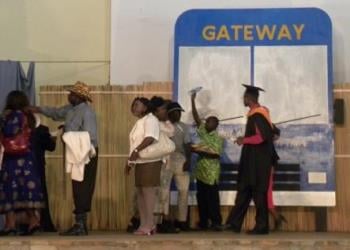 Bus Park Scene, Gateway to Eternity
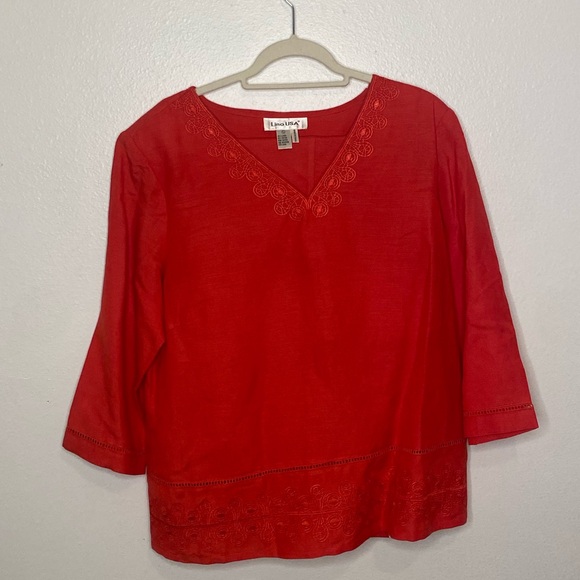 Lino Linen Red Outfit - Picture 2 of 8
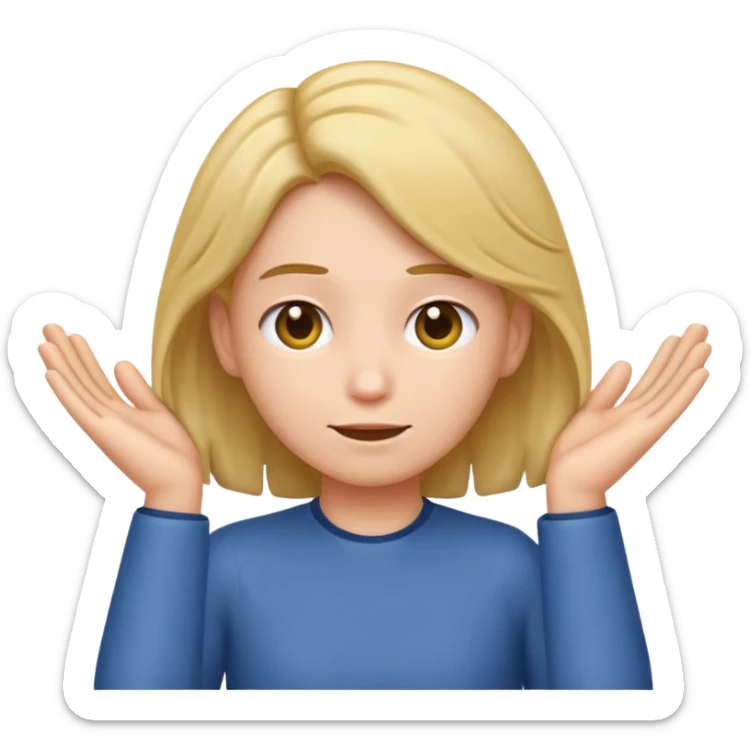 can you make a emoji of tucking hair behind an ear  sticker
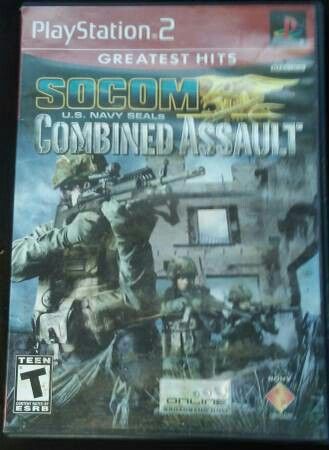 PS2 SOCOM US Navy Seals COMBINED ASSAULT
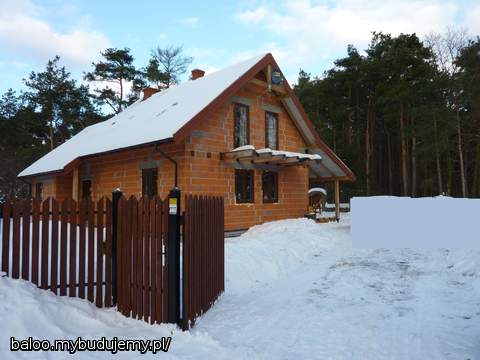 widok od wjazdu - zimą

* * *

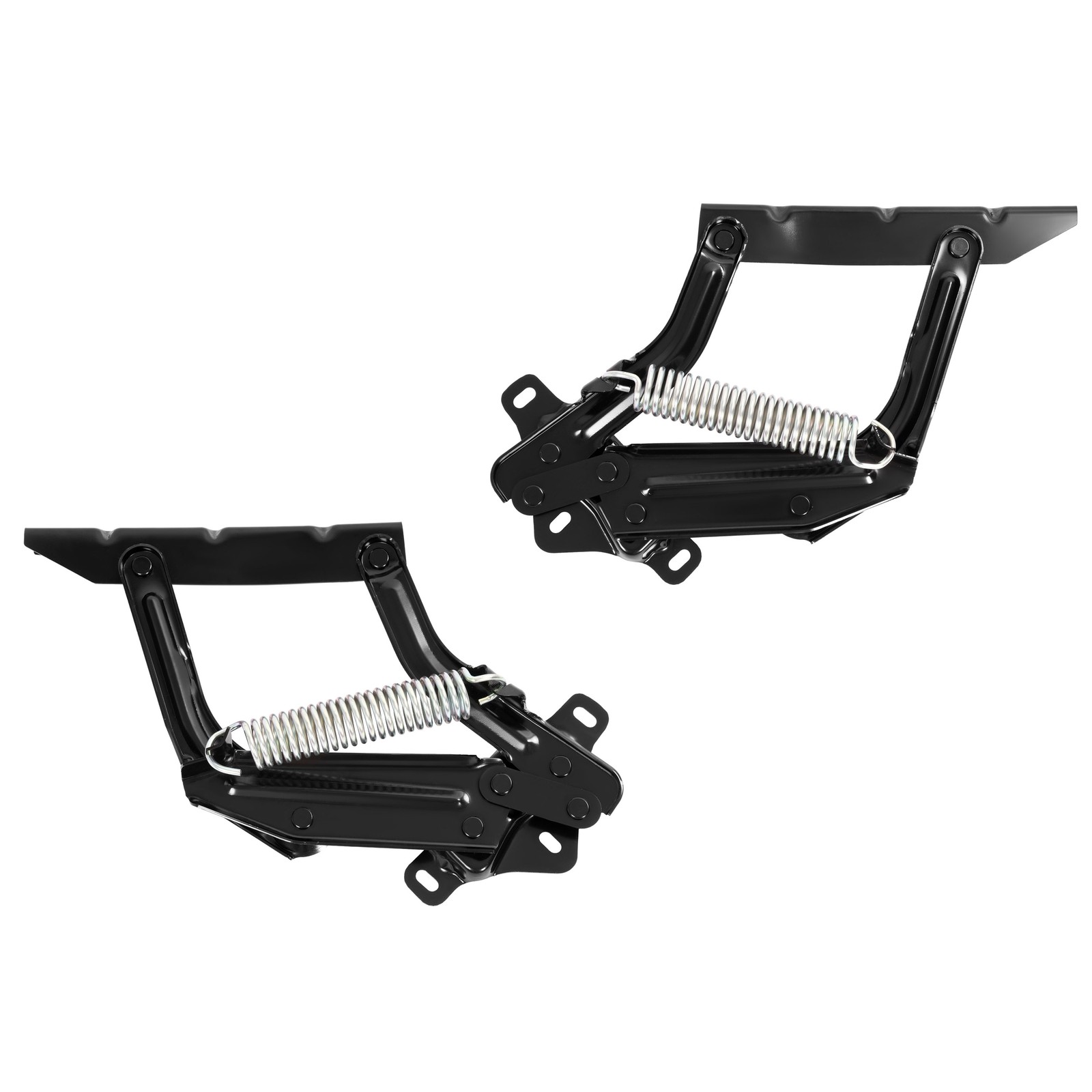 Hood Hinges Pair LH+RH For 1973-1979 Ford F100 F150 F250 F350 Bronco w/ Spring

...

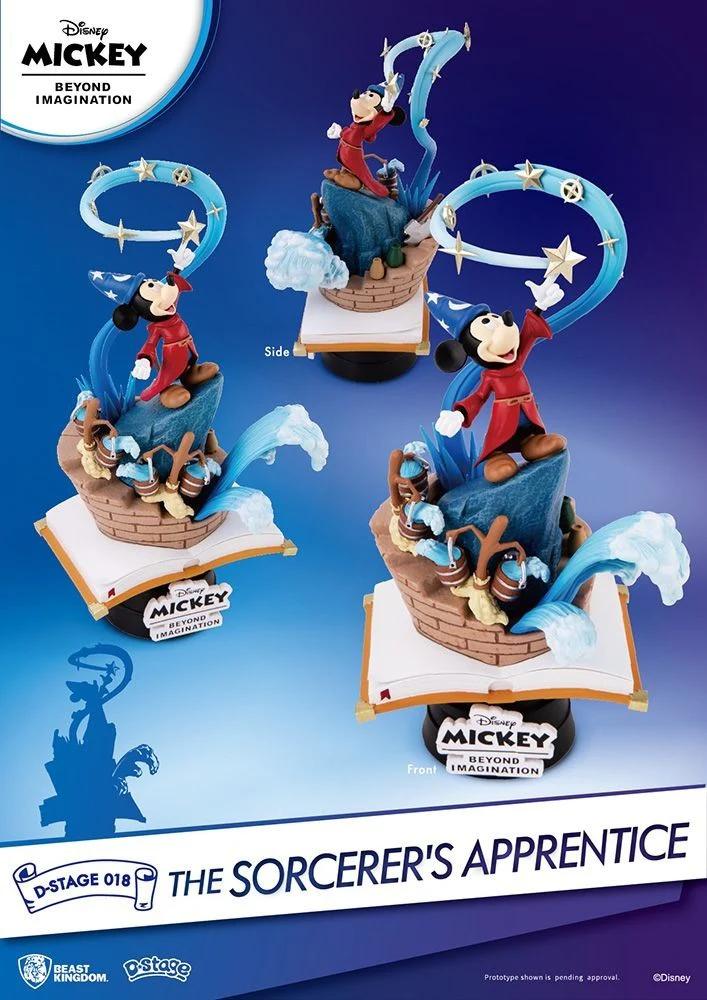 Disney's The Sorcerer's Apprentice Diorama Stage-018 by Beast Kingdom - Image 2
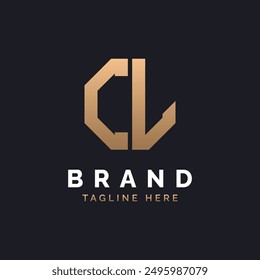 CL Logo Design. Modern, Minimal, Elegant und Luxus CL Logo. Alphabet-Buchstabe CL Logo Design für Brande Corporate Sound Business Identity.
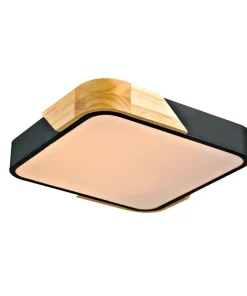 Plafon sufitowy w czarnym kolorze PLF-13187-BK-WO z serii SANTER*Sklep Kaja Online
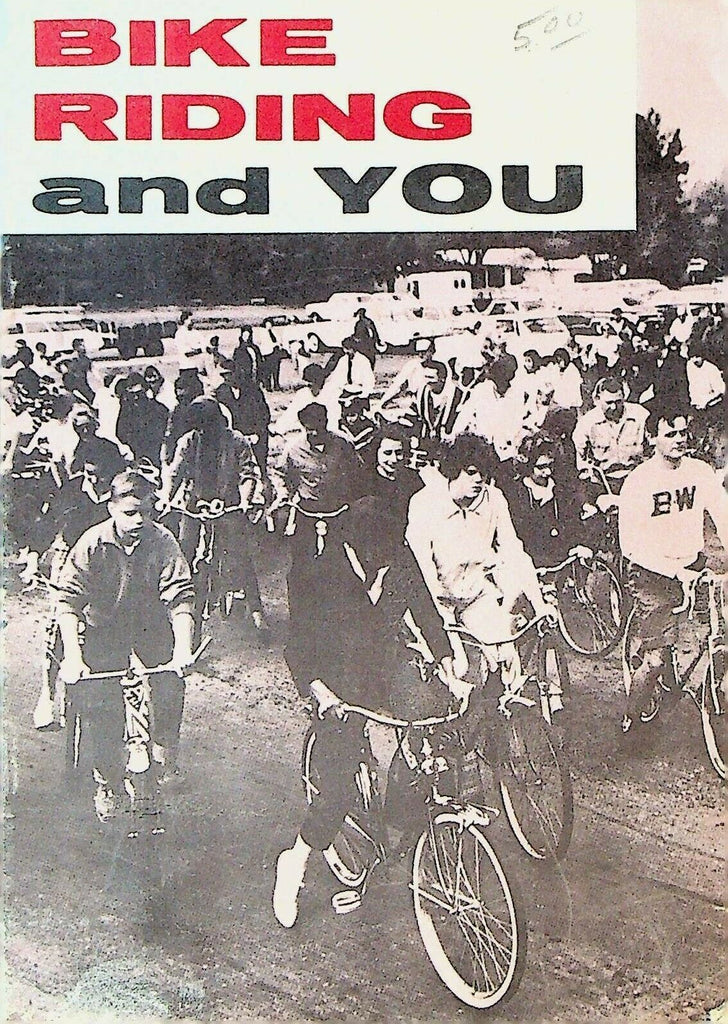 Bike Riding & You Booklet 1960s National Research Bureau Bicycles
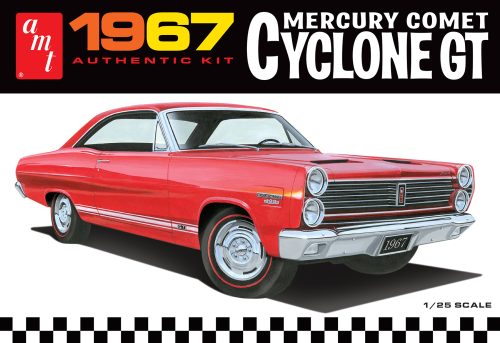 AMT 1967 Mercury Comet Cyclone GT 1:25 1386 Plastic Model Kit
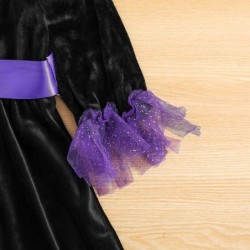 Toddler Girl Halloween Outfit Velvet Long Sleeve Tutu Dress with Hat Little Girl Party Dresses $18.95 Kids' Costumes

- [Task details] Each line above that falls between the line with "Bus Park Scene, Gateway to Eternity" and the line with "widok od wjazdu - zimą" should be printed exactly, together with those two lines, but the pictures should not.

- [Written answer]
 Bus Park Scene, Gateway to Eternity
 Lino Linen Red Outfit - Picture 2 of 8
 can you make a emoji of tucking hair behind an ear  sticker
 PS2 SOCOM US Navy Seals COMBINED ASSAULT
 widok od wjazdu - zimą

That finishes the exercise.